*** Opening SOURCE RECORDS ***

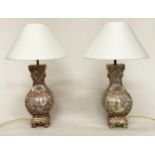 TABLE LAMPS, a pair, Chinese ceramic famille verte and gilded of facetted vase form (with shades),
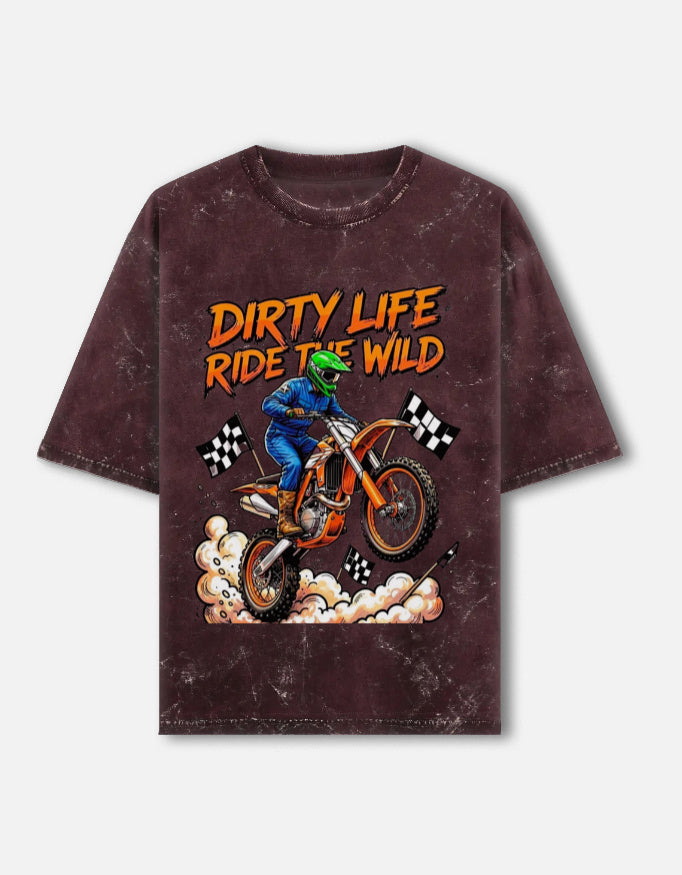 RAJIRU Dirty Life Ride the Wild motocross oversized graphic T-shirt front view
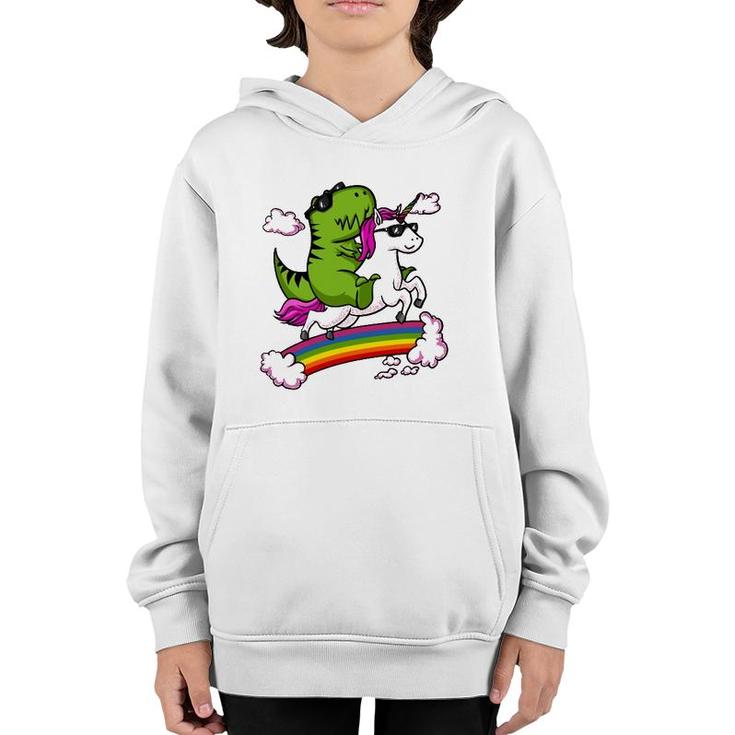 T-Rex Dinosaur Riding Unicorn Funny Rainbow Youth Hoodie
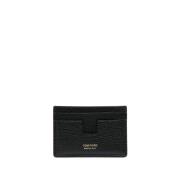 Tom Ford Svart Läder Plånbok Stilfull Uppgradering Black, Herr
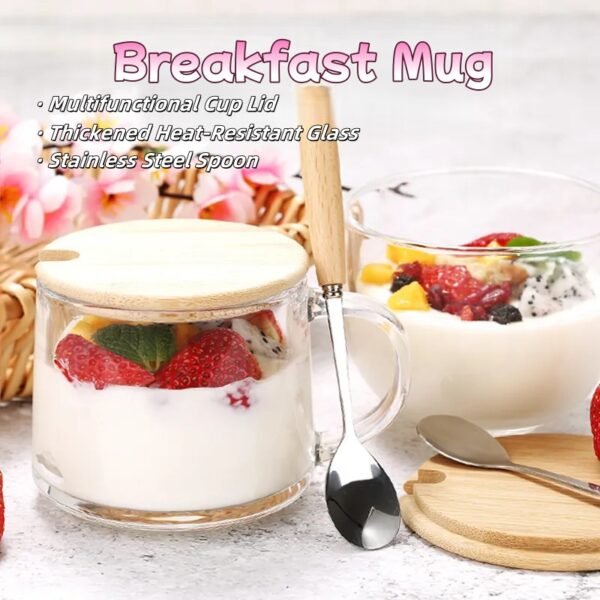 Large Capacity Japanese Glass Mug with Lid & Spoon – Breakfast Cup for Milk, Juice, Oatmeal, or Coffee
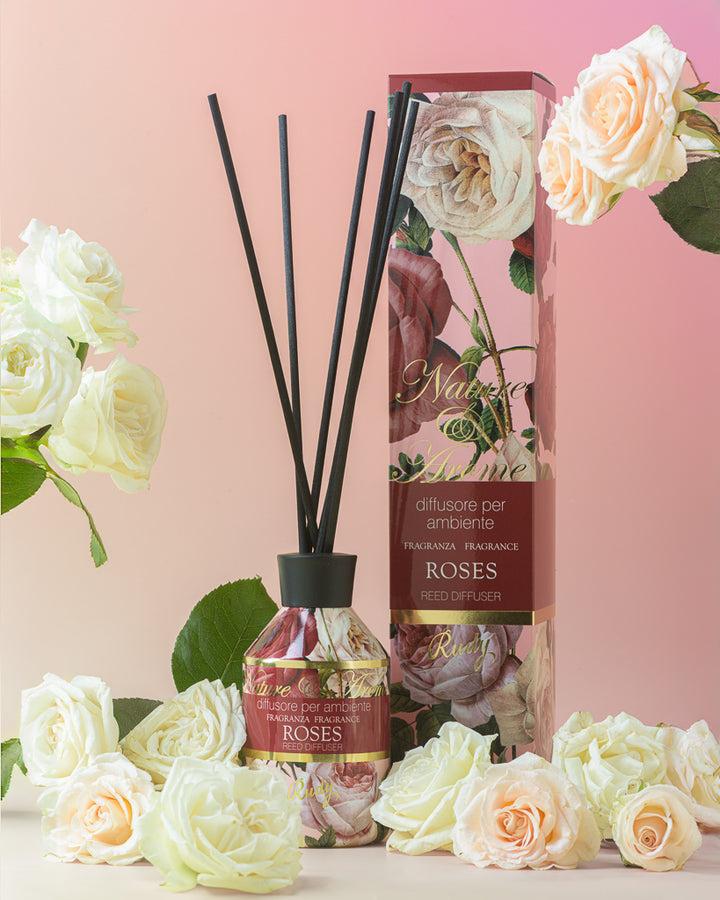 Rudy Profumi Diffusore per Ambiente 250 mL + BacchetteNature&AromeLinea Roses Convenienza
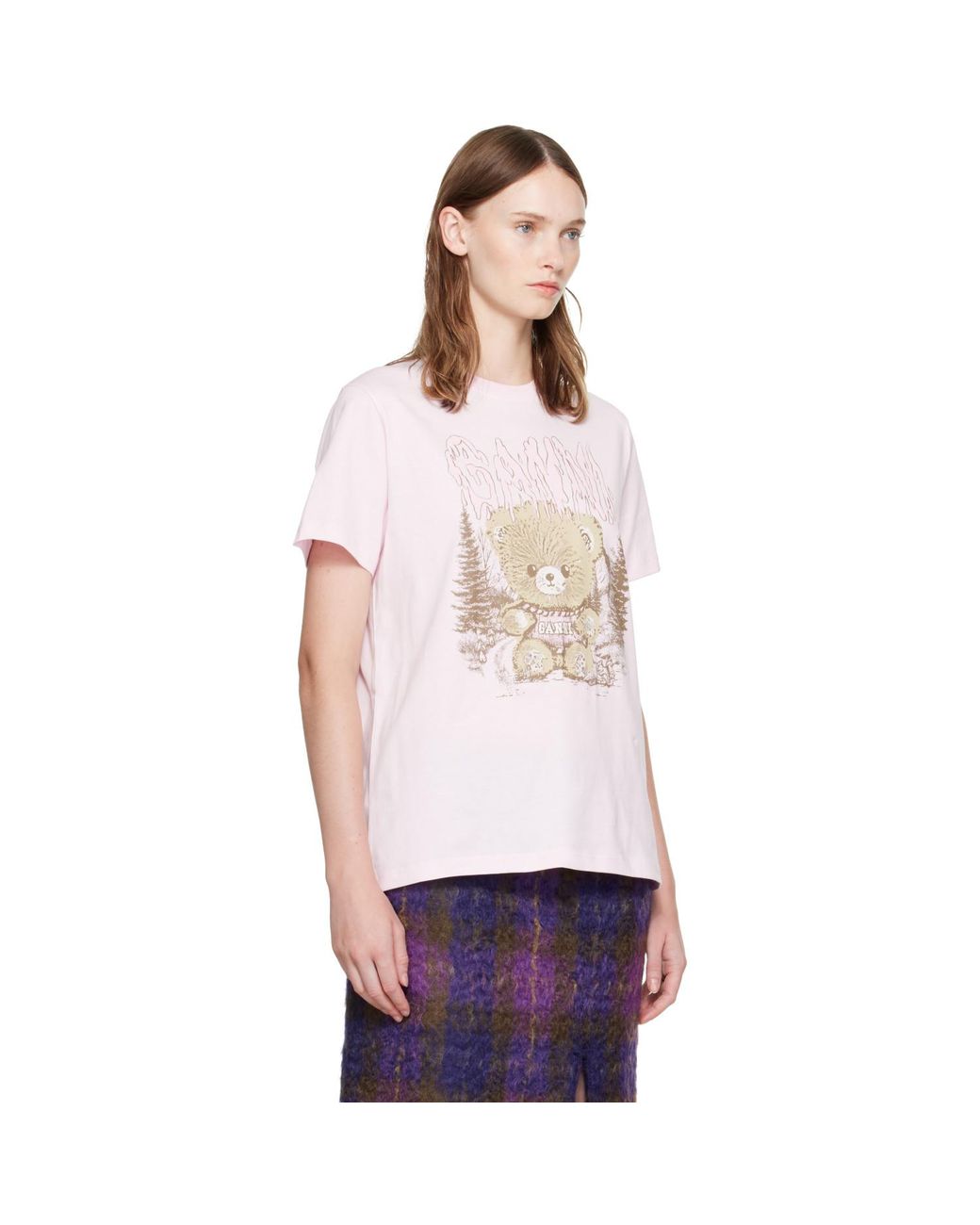 Ganni White Forest Teddy T-Shirt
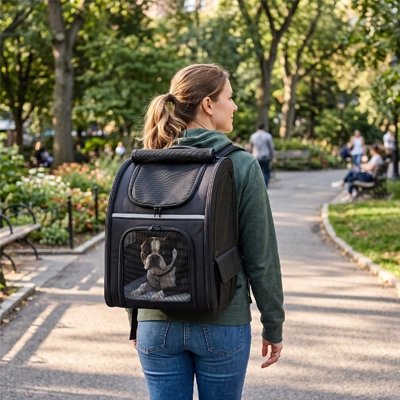 Sac de transport pour Chienfemme porant son chien sur son dos dans le sac de transport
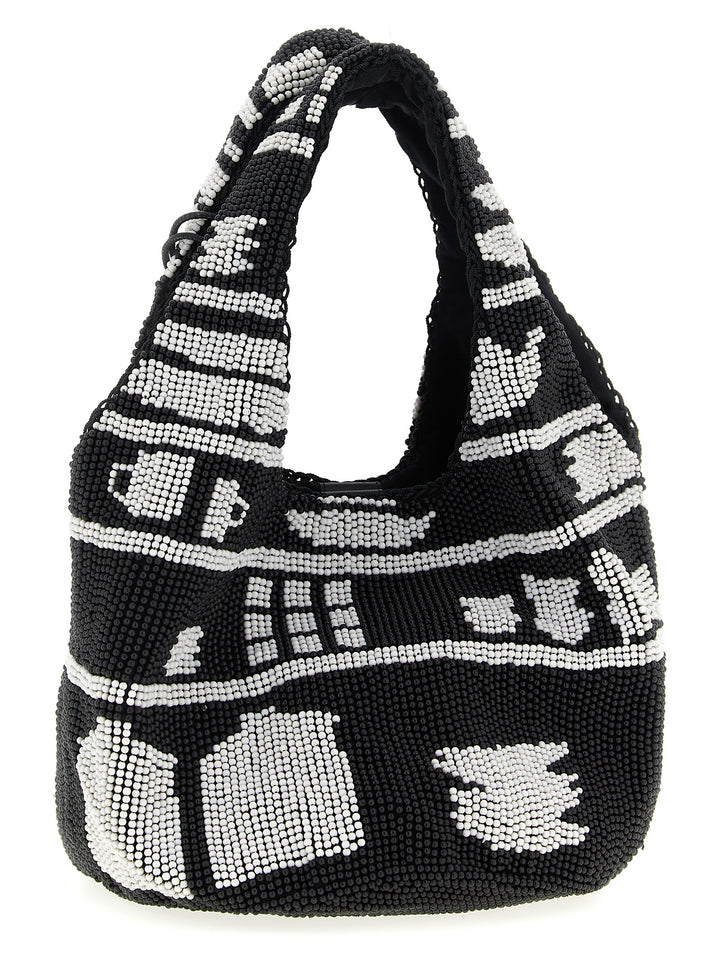 J.W. Anderson Beaded Tote Bag - White/Black | b2237cd4ec2248cd6ce3b1abb2330857eac1882a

*** Closing SOURCE RECORDS ***

= YOUR GOAL =
Every record above must be copied exactly, and no picture may appear in the copy.

= OUTPUT BELOW =
 TABLE LAMPS, a pair, Chinese ceramic famille verte and gilded of facetted vase form (with shades),
 RAJIRU Dirty Life Ride the Wild motocross oversized graphic T-shirt front view
 T-Rex Dinosaur Riding Unicorn Funny Rainbow Youth Hoodie
 Tom Ford Svart Läder Plånbok Stilfull Uppgradering Black, Herr
 Large Capacity Japanese Glass Mug with Lid & Spoon – Breakfast Cup for Milk, Juice, Oatmeal, or Coffee
 Rudy Profumi Diffusore per Ambiente 250 mL + BacchetteNature&AromeLinea Roses Convenienza
 Ganni White Forest Teddy T-Shirt
 Sac de transport pour Chienfemme porant son chien sur son dos dans le sac de transport
 J.W. Anderson Beaded Tote Bag - White/Black | b2237cd4ec2248cd6ce3b1abb2330857eac1882a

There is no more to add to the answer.